4.16. Aqui chegamos ao primeiro ponto de considerável relevância na análise do caso em apreço, que é a consubstanciação da conduta antissocial, ou seja, não se está tratando daquele condômino sisudo, calado, de pouca educação, ou de trato ríspido, mas sim, daquele que gera na coletividade, pânico, insegurança, repulsa, em razão da prática reiterada de atos atentatórios à dignidade dos seus pares. 4.17. Destaca-se ainda que tais condutas, que mais do que antissociais, em tese, criminosas, ao que se noticia nos autos teriam sido igualmente praticadas em outro condomínio onde o requerido possuía propriedade, localizado no Balneário de Camboriú (fls. 625/634), demonstrando-se que não se trata de caso isolado, ou qualquer espécie de perseguição do apelado, como alega o apelante, mas revelador de uma personalidade desviada, anormal, voltada à prática contumaz de fatos atentatórios e até tipificados como crime, que de uma forma ou de outra acabaram produzindo reflexos nefastos na coletividade de indivíduos representados pelo condomínio autor de caráter residencial. 4.18. Cabe, portanto, ao Estado/juiz, em seu poder/dever de dizer o direito, a outorga de uma tutela jurisdicional, mais do que justa, efetiva, no intuito de resguardar
as garantias constitucionais individuais daquela coletividade, ainda que, resultem em mitigar parcela do direito de propriedade do réu, mais especificamente, quanto ao seu direito de habitação da sua unidade condominial. 5. Feitas essas considerações, versando a pretensão do condomínio sobre a possibilidade de restrição do direito de uso do apelante sobre seu bem imóvel, ciente do caráter polêmico que cerca tal questão, passa-se a análise do caso, frente direito material que regula o tema, senão vejamos: 5.1. A propriedade é um direito real, assegurado pela Constituição Federal, que confere ao seu titular o direito de usar, gozar, dispor, fruir, reaver nos termos do artigo 1.228 do Código Civil: "Art. 1.228. O proprietário tem a faculdade de usar, gozar e dispor da coisa, e o direito de reavê-la do poder de quem quer que injustamente a possua ou detenha". 5.2. Contudo, hodiernamente, não mais vigora o caráter absoluto do direito de propriedade, haja vista que este sofre limitações advindas da lei, dos princípios e, até mesmo, da própria vontade do proprietário.
5.3. Portanto, a função social limita o exercício do direito de propriedade, que deve ser realizado em conformidade com a finalidade econômica e social do bem. 5.4. É o entendimento doutrinário: "A função social se opõe ao exercício egoístico do direito de propriedade.
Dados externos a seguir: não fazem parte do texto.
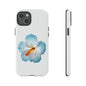 Blooming Blues - Phone Case
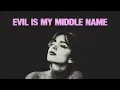 Download Lagu Society of Villains \u0026 Sam Tinnesz - Evil Is My Middle Name (lyrics)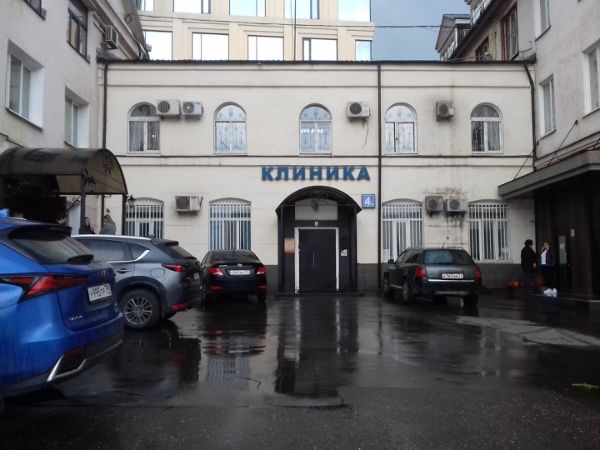 Отдельно стоящее здание на Новоданиловской набережной, 4с2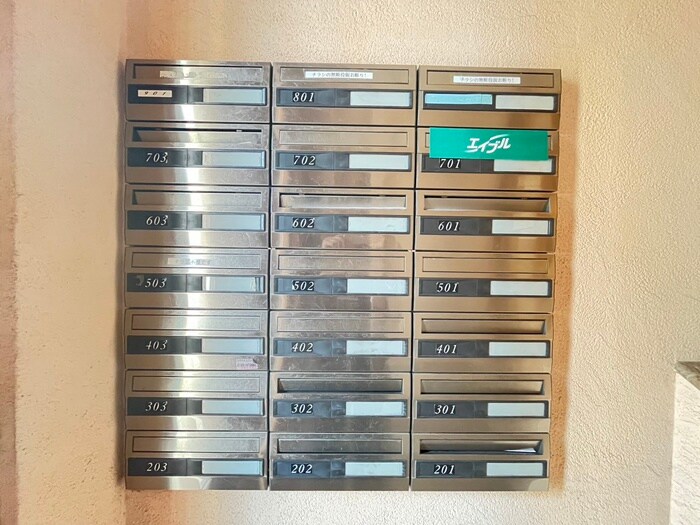 物件外観写真4　(建物設備)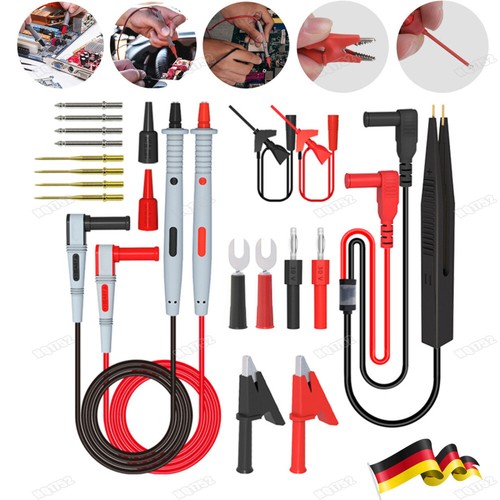 Messleitungen kabel multimeter - messleitungen,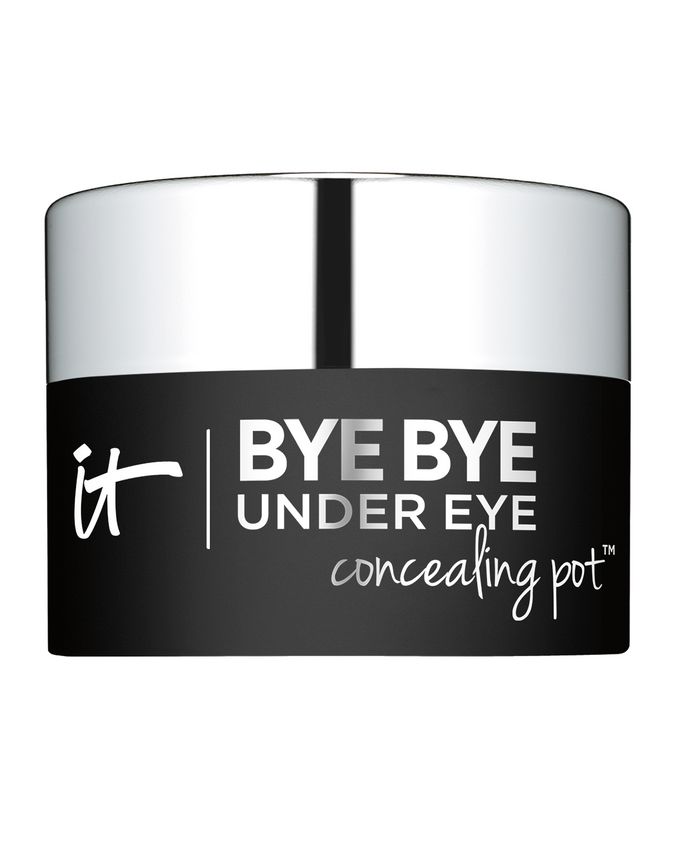 It Cosmetics + Bye Bye Under Eye Concealing Pot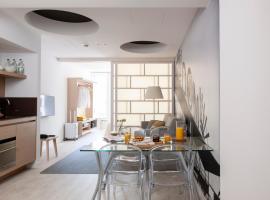 Eric Vökel Boutique Apartments - Hamburg Suites、ハンブルクのホテル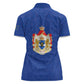 Congo Free State 1885-1908 Women Polo Shirt Werk en voortgang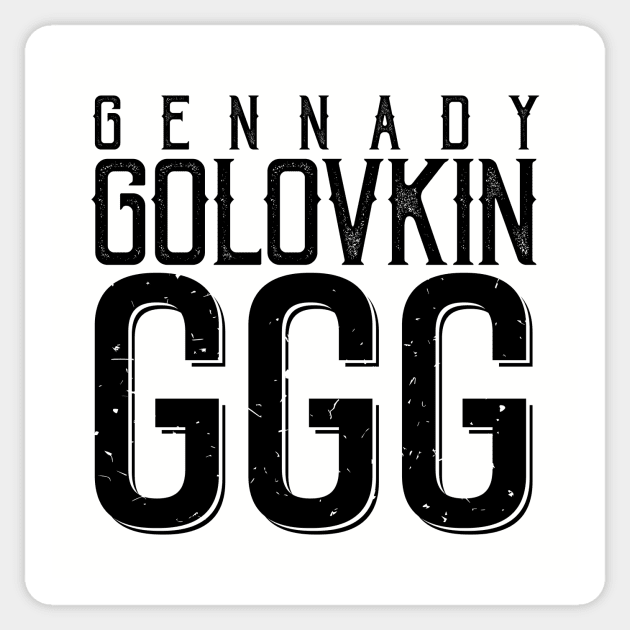 Gennady Sticker by enricoalonzo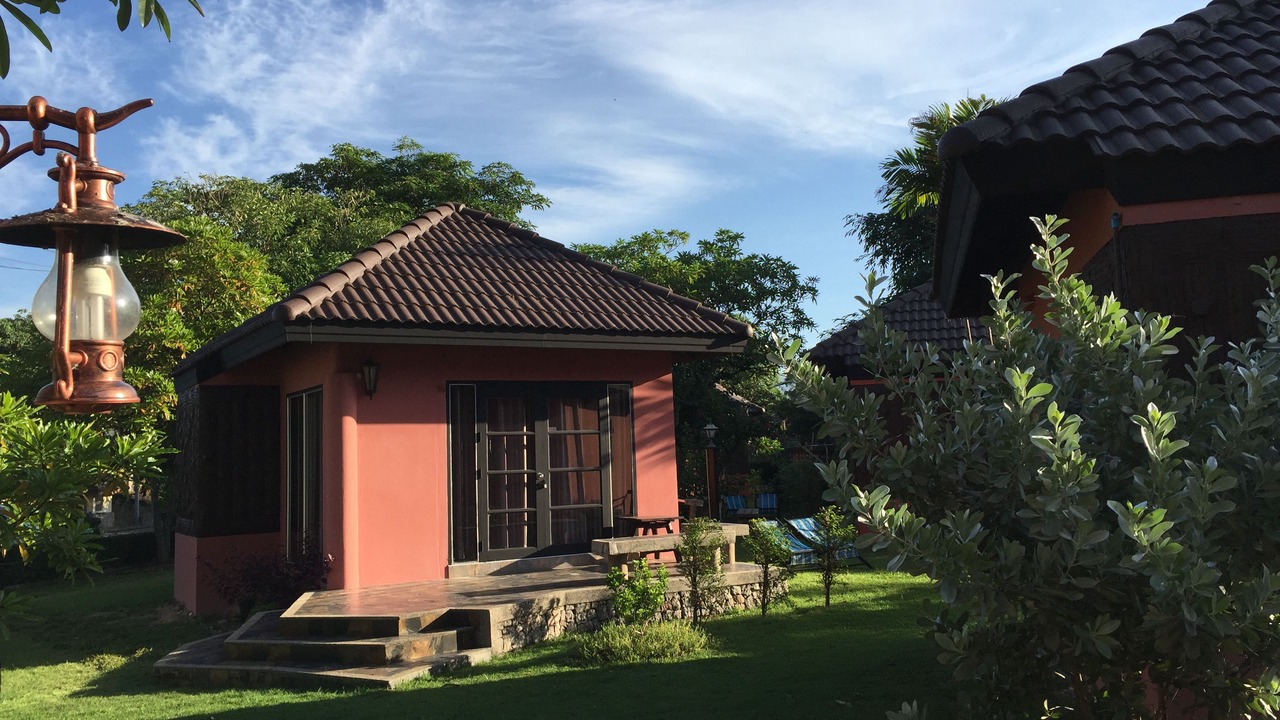 Photo of Buildings in Rayong
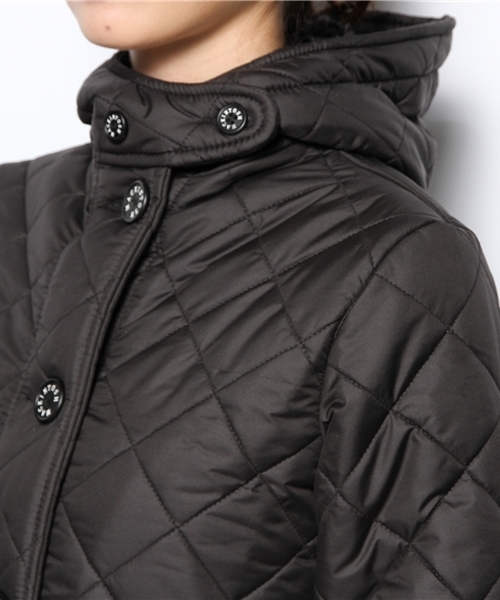 SHIPS for women（シップスフォーウィメン）の「MACKINTOSH:GRANGE（その他アウター・レディース・オリーブ/ブラック・38/36/34）」の7枚目の写真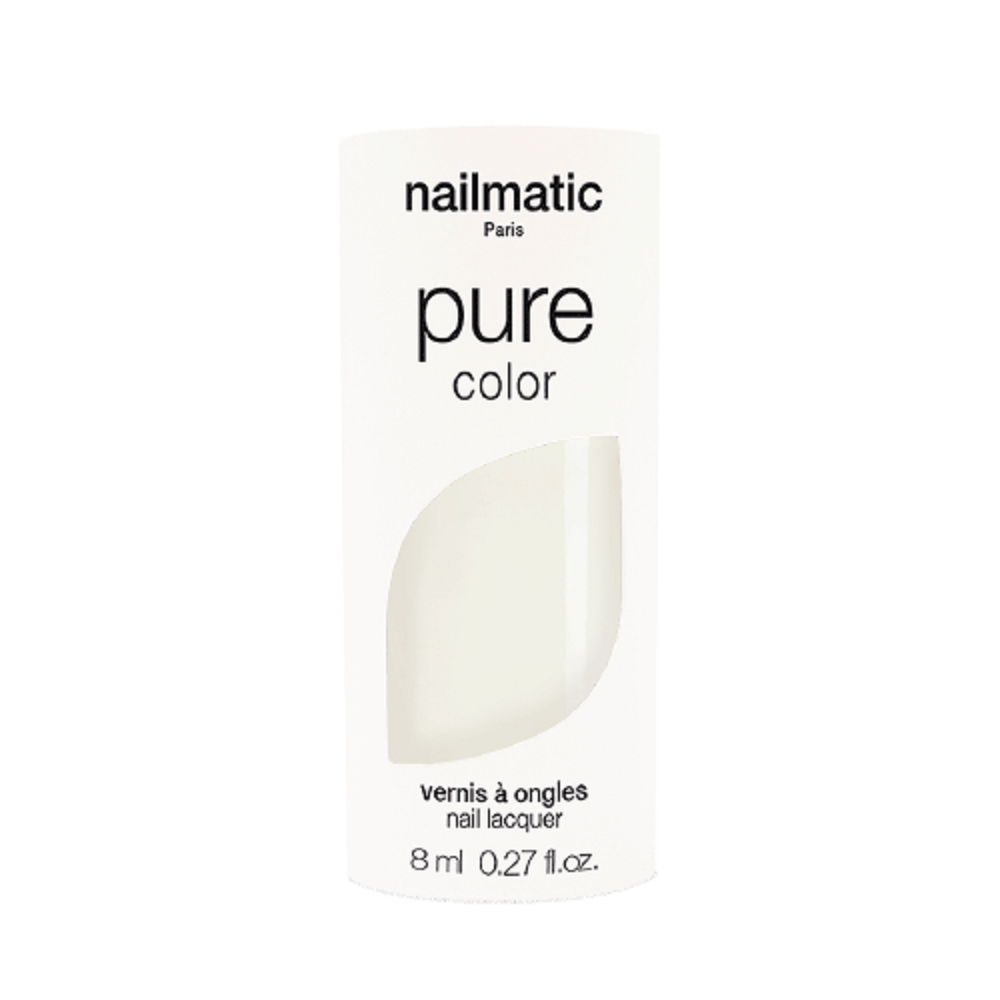 nailmatic 純色生物基經典指甲油-YSE-月光白_0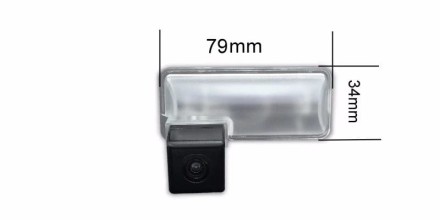 Видеокамера SPD-183 Subaru Forester 2012+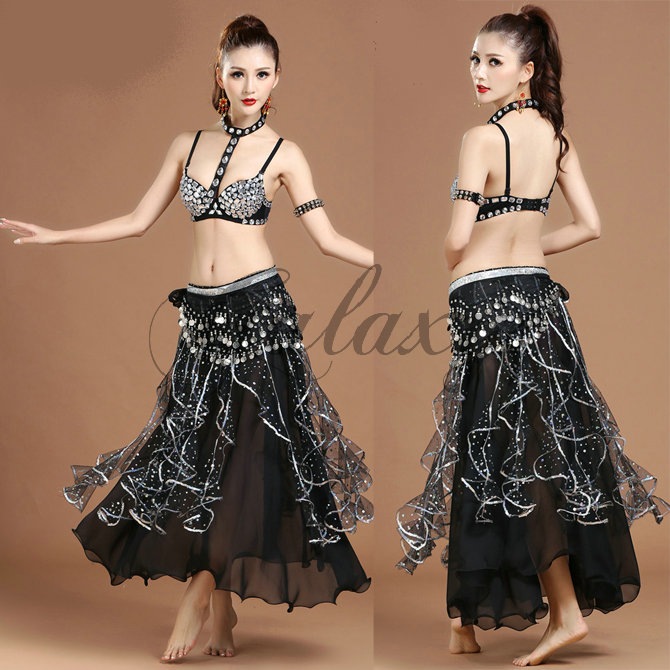 ベリーダンス ポールダンス 爵士衣装 バー セクシー 舞台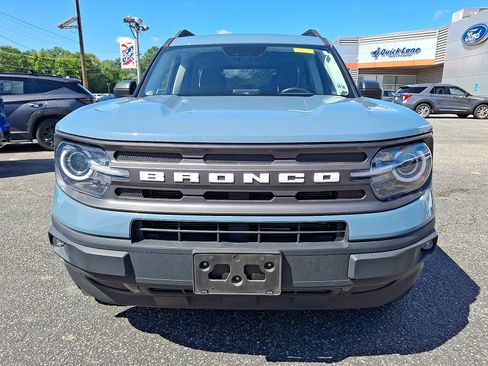 Used 2023 Ford Bronco Sport Big Bend w/ Convenience Package AWD/4WD image 2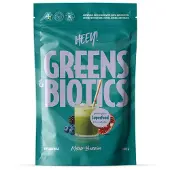 Heey! Greens & Biotics Superfood + Probiotics Mixed Berries 300 g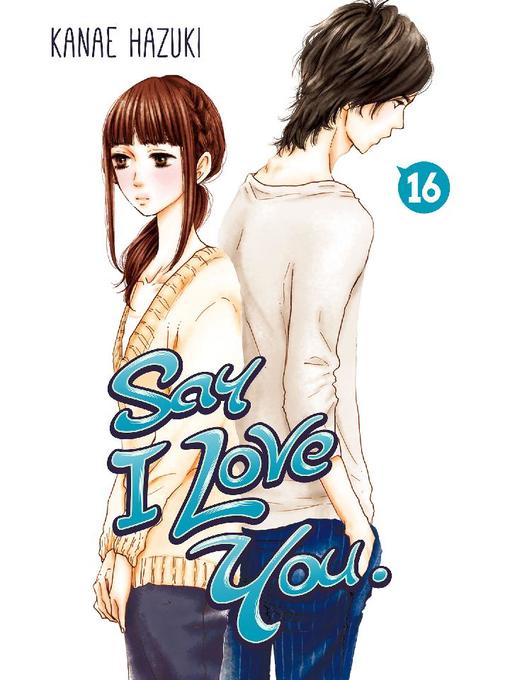 Say I Love You., Volume 16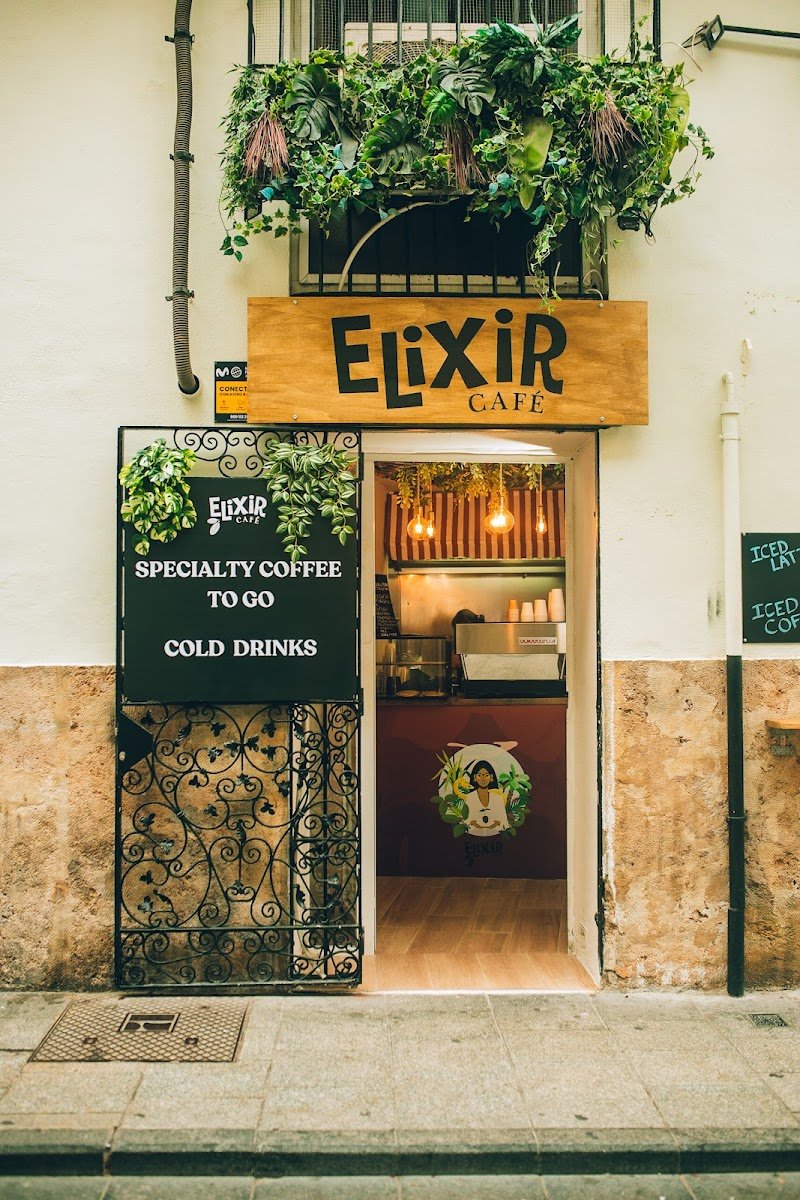 Elixir Café de Especialidad - Barrio del Carmen - restaurante en Valencia, Valencia, España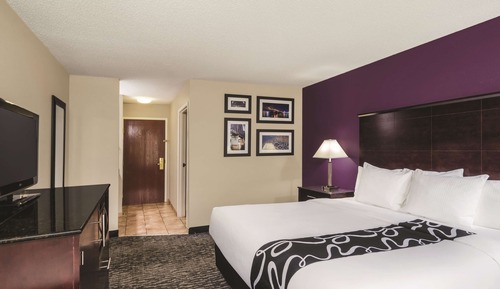 Room, 1 King Bed, Non Smoking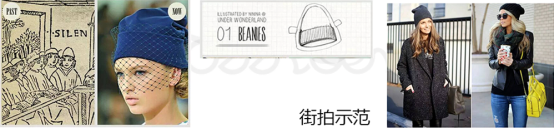 針織毛線(xiàn)帽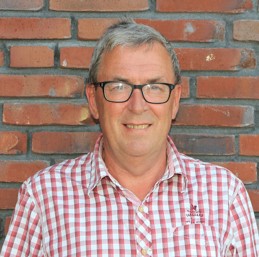 Piet Bos († 2020)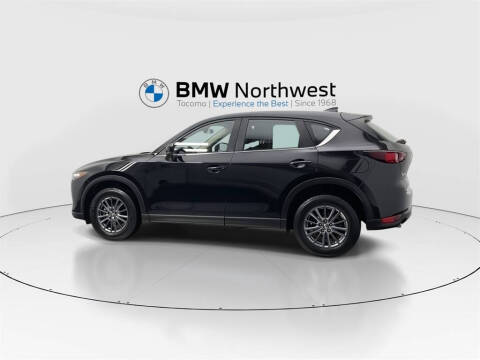 2020 Mazda CX-5 Sport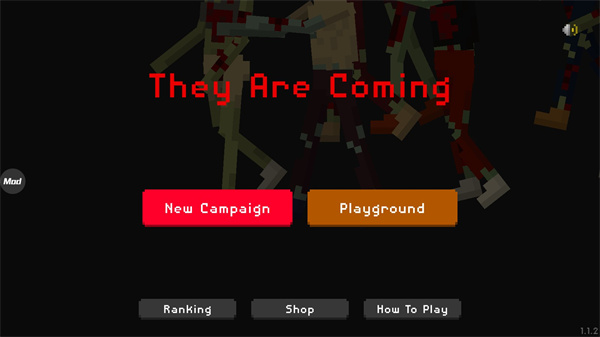 僵尸射击与防御无限金币破解版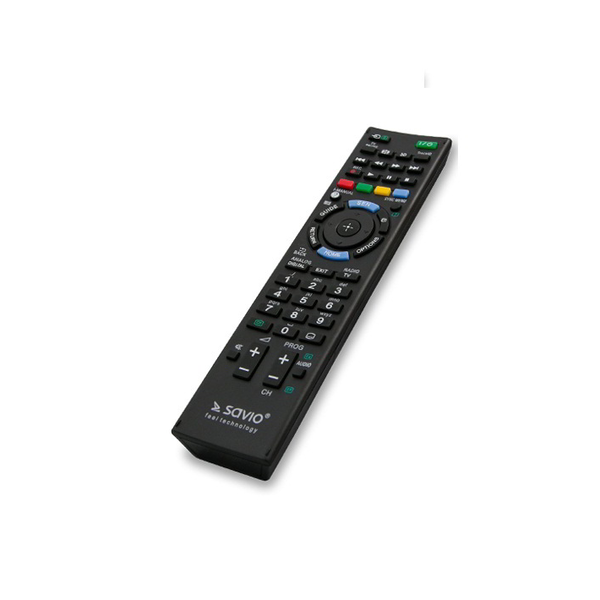 Универсално дистанционно управление SAVIO, заместител за Sony TV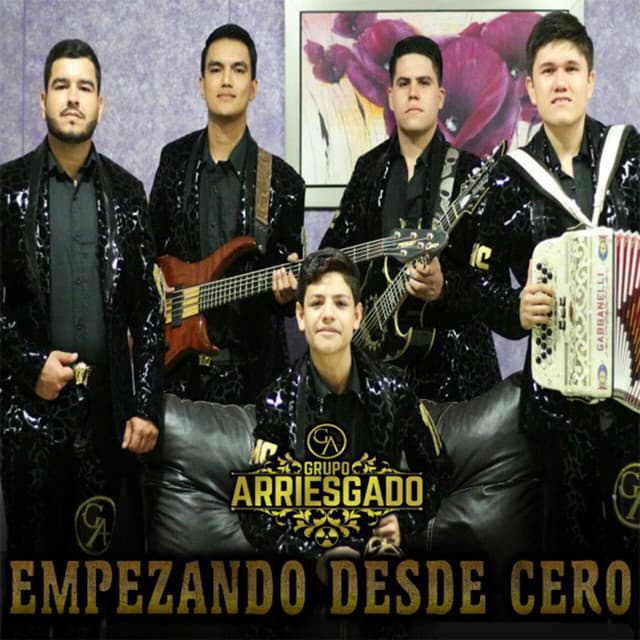 Baron y Cuenta Nueva cover art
As ações do proprietário se refletem na coletividade em que se vive. Por isso, deve haver respeito não só à vizinhança mas ao erga omnes. Hoje, o meio ambiente ecologicamente é bem de uso comum do povo, sendo essencial à qualidade de vida. Todos estes valores que atingem as gerações atuais e futuras devem, necessariamente, compor o exercício do direito de propriedade, inclusive valores históricos e artísticos. A função social da propriedade se preenche de ações desenvolvidas com base nestes valores sociais". (NASCIMENTO, Tupinambá Miguel Castro do. Posse e propriedade. Porto Alegre: Livraria do advogado, 2003, p. 116). 5.5. No caso em análise, prevê a convenção condominial, em seu artigo 8º, alínea "e", como um dos deveres do condômino "dar às suas partes a mesma destinação que tem a edificação, e não as utilizar de maneira prejudicial ao sossego,
salubridade e segurança dos possuidores, ou aos bons costumes." (f. 68). 5.6. Da mesma forma o Regimento Interno do Condomínio Edifício Rio Sena, no capítulo II que trata dos direitos e deveres dos condôminos, em ser artigo 2º, alínea a, determina: "Artigo 2º - Constituem DIREITOS dos condôminos, e no que couber dos moradores, seus dependentes e empregados: a) Usar e dispor da respectiva unidade autônoma, de acordo com o respectivo destino residencial da respectiva unidade autônoma, desde que não prejudiquem a solidez do edifício, que não causem danos aos demais condôminos e não transgrida as normas legais ou as disposições da Convenção do Condomínio [...]". (fls. 75). 5.7. Ainda, além das disposições da convenção condominial, regimento interno, "supra" citadas e outras tantas, o direito de vizinhança, também, impõe limites ao exercício do direito de propriedade. Veja-se o artigo 1.277 do Código Civil: "Art. 1.277. O proprietário ou o possuidor de um prédio tem o direito de fazer cessar as interferências
prejudiciais à segurança, ao sossego e à saúde dos que o habitam, provocadas pela utilização de propriedade vizinha. Parágrafo único. Proíbem-se as interferências considerando-se a natureza da utilização, a locação do prédio, atendidas as normas que distribuem as edificações em zonas, e os limites ordinários de tolerância dos moradores da vizinhança". 5.8. Aqui, cabe a ressalva de que a pretensão do apelado não é juridicamente impossível, conforme constou nas razões recursais, estando inclusive previsto no enunciado 508 da V Jornada de Direito Civil: "508) Verificando-se que a sanção pecuniária mostrou-se ineficaz, a garantia fundamental da função social da propriedade (arts. 5º, XXIII, da CRFB e 1.228, § 1º, do CC) e a vedação ao abuso do direito (arts. 187 e 1.228, § 2º, do CC) justificam a exclusão do condômino antissocial, desde que a ulterior assembleia prevista na parte final do parágrafo único do art. 1.337 do Código Civil delibere a propositura de ação judicial com esse fim, asseguradas todas as garantias inerentes ao devido processo legal."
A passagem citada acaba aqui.